“Al que no quiere sopa, se le dan dos platos” es el dicho que resume mi cardíaca primera vez en un desierto. La expectativa de ver el atardecer en medio de la nada, chocó con las dunas de alrededor de 30 metros de altura del desierto de Ica, a cinco horas de Lima en bus.
Digo “chocó” porque la forma de transitar en él no es tan paradisíaca para quienes tememos a las alturas. De “sana” -como decimos en Colombia-, terminé inocentemente en el oasis de Huacachina (Ica), desde donde me adentraría en el desierto sobre un carro tubular, junto con otros siete turistas que había por ahí.
Una leve vibración marcaría el inicio de la marcha, que era tan sólo el abrebocas de las siguientes dos horas de “paseo”. Tras pasar la entrada del lugar, el buggy empezó a saltar. Con el viento en la cara por la velocidad, en un abrir y cerrar de ojos llegamos a la cima de la primera duna. Luego de bajarla por los lados, sólo se veían toneladas de arena. El descenso “diplomático” por los costados era únicamente para «calentar motores».

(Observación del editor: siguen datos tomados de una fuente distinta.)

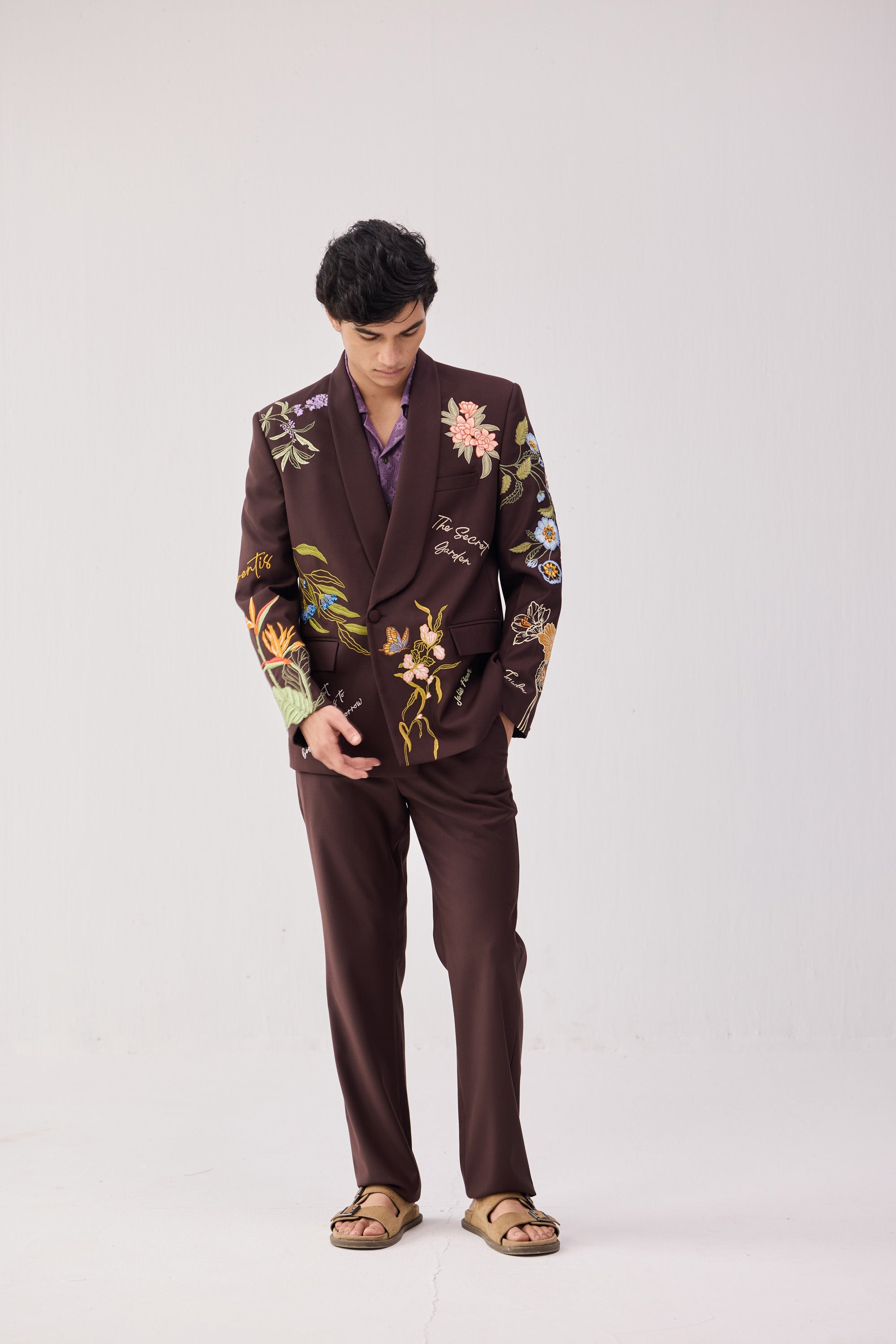 "The secret garden" embroidered casual wedding blazer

Ya en confianza, el conductor subía poco a poco las siguientes dunas, como cuando en una montaña rusa, el carrito se mueve lento para crear suspenso. Y ya arriba, y con el abismo justo al frente, el buggy aceleraba al máximo, incluso con una inclinación que se acercaba a los 80 grados. Con el corazón en la mano y la mirada del conductor buscando mi cara aterrorizada cada vez que venía una duna gigante, me arrepentí cien mil veces de haberme arriesgado. Pero era demasiado tarde y a pesar de todo, la vista era espectacular.
Sin embargo, los vacíos que se sentían desde la última fila del buggy no serían los únicos: el tour contemplaba snowboard por las interminables dunas, aunque yo bajaba en planchazo y empujada por alguien porque si no, no me tiraba.

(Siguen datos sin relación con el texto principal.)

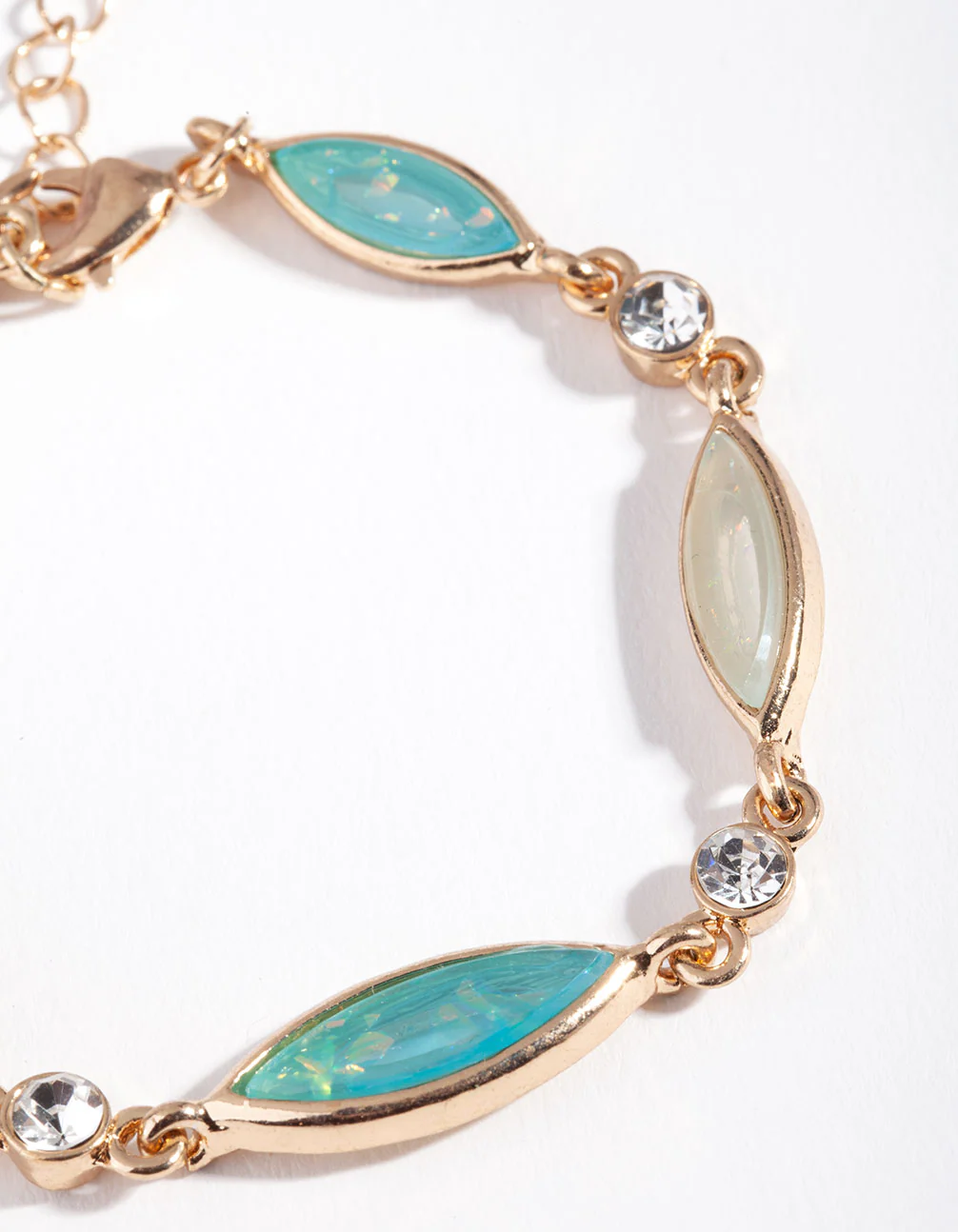 Gold Diamante & Blue Stone Bracelet - Image 2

Al final, lo único que hacía era cerrar los ojos para no ver ni la arena saltando cuando caía en la tabla, ni el vertiginoso recorrido del carro tubular. Conclusión: gracias al pánico a las alturas, me tocó sufrir el doble. Así que por momentos, mientras pude tener los ojos abiertos, aprecié el maravilloso paisaje. Pero sólo por momentos.
¿Cómo llegar?
Desde Lima, se puede tomar un bus rumbo a la ciudad de Ica – yo lo hice con Cruz del Sur– y luego un taxi hacia el oasis de Huacachina que puede costar hasta 8 soles desde la estación. Fuera de ella, los taxis son más baratos. Por el tour cobran hasta 50 soles (el 2 de julio, el cambio estaba a 2,79 soles por dólar) pero se puede negociar. En mi caso, conseguí bajarlo hasta 30 soles (a punta de «ay mire que soy solo yo, no va a perder nada de plata. Bájelo que no le digo a nadie. Prometido»).
Si escoges el tour durante el día sólo es de una hora, pero el de las 4 dura dos horas para poder ver el atardecer. A la vuelta, el mototaxi a la estación de buses de Ica cuesta más barato que el taxi (unos 3 soles) y de nuevo, hay que retornar en bus a Lima pero los precios varían de las tarifas que proponga la empresa. Un menú en el oasis cuesta unos 15 soles.